Dr. Renata Williams, Kente and Lavender Welcome

Donning of the Kente is a ceremony to recognize and honor the contributions and accomplishments ALANA and multicultural students made to the College; a Lavender Graduation Ceremony is a complement to traditional graduation ceremonies to honor LGBTQ+ students and their families.

President Lewis E. Thayne, Congratulations

Donning of the Kente

Kente is a ceremonial cloth hand-woven on a loom, and dating as far back as the 12th century, by the Ashanti people in Ghana, West Africa. Kente cloths come in various colors, sizes, and designs and are worn during very important social and religious occasions.
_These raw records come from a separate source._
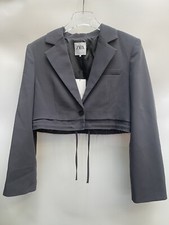 Zara Neuf Femme Blazer Court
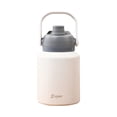 thumbnail image 1 of Buy 2 get 10% off Stainless Steel Kettle Large Capacity Cup With Straw Outdoor Sports Camping Portable Ton Bucket, 1 of 2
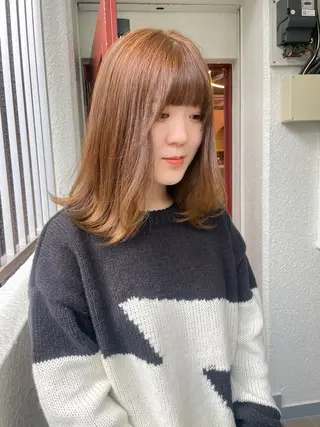ショート 透明感/レイヤー🎀 春カラー/エリコ🌈のヘアスタイル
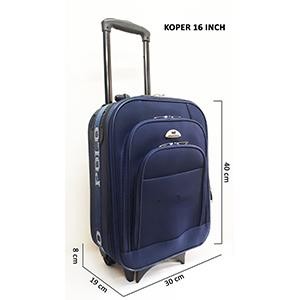 Koper Polo Kain Ukuran 16 Inch Softcase Packing Kardus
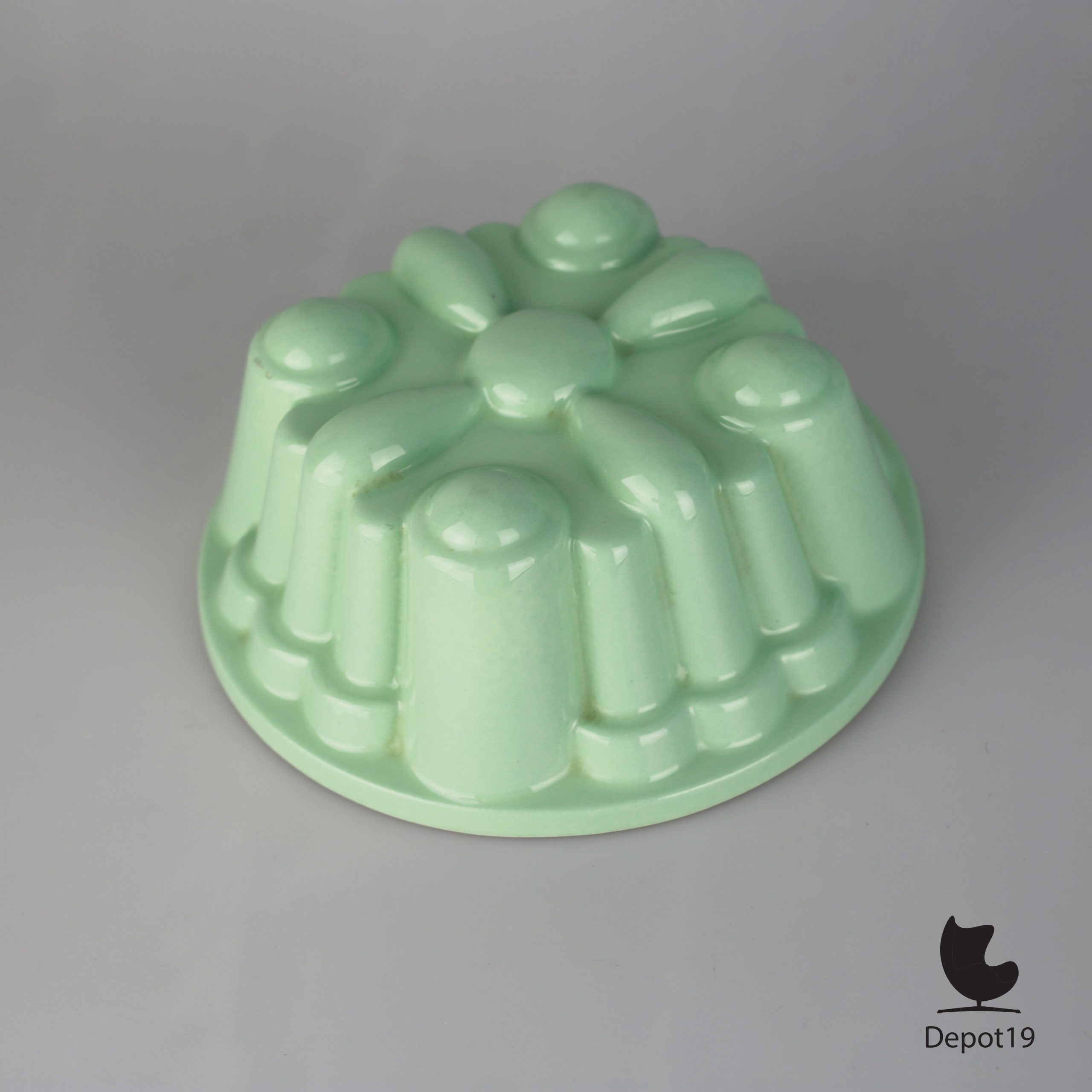 Pastel puddingvorm 165 Regout keramiek Maastricht groen - Afbeelding 4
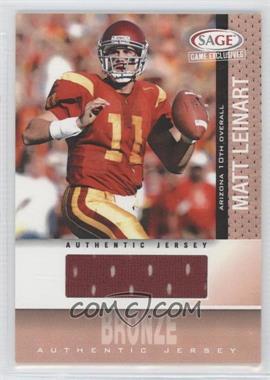 2006 SAGE Game Exclusives - Oversize Jerseys - Bronze #SJ 2 - Matt Leinart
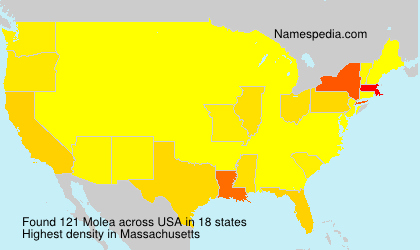 Surname Molea in USA Surname Molea in USA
In a total cultural context, Kente is more important than just a cloth. It is a visual representation of history, philosophy, ethics, oral literature, moral values, social code of conduct, and religious beliefs.

Colors of Kente

Yellow represents the yolk of the egg, as well as certain fruits and vegetables. The color is a symbol for things that are holy and precious.

Pink is used to symbolize gentle qualities such as calmness, sweetness, and tenderness.

Red stands for blood and for strong political and spiritual feelings.

Maroon is associated with the color of Earth, the mother. It represents healing and protection from evil.

Blue stands for the sky and is used to symbolize holiness, peace, harmony, good fortune, and love.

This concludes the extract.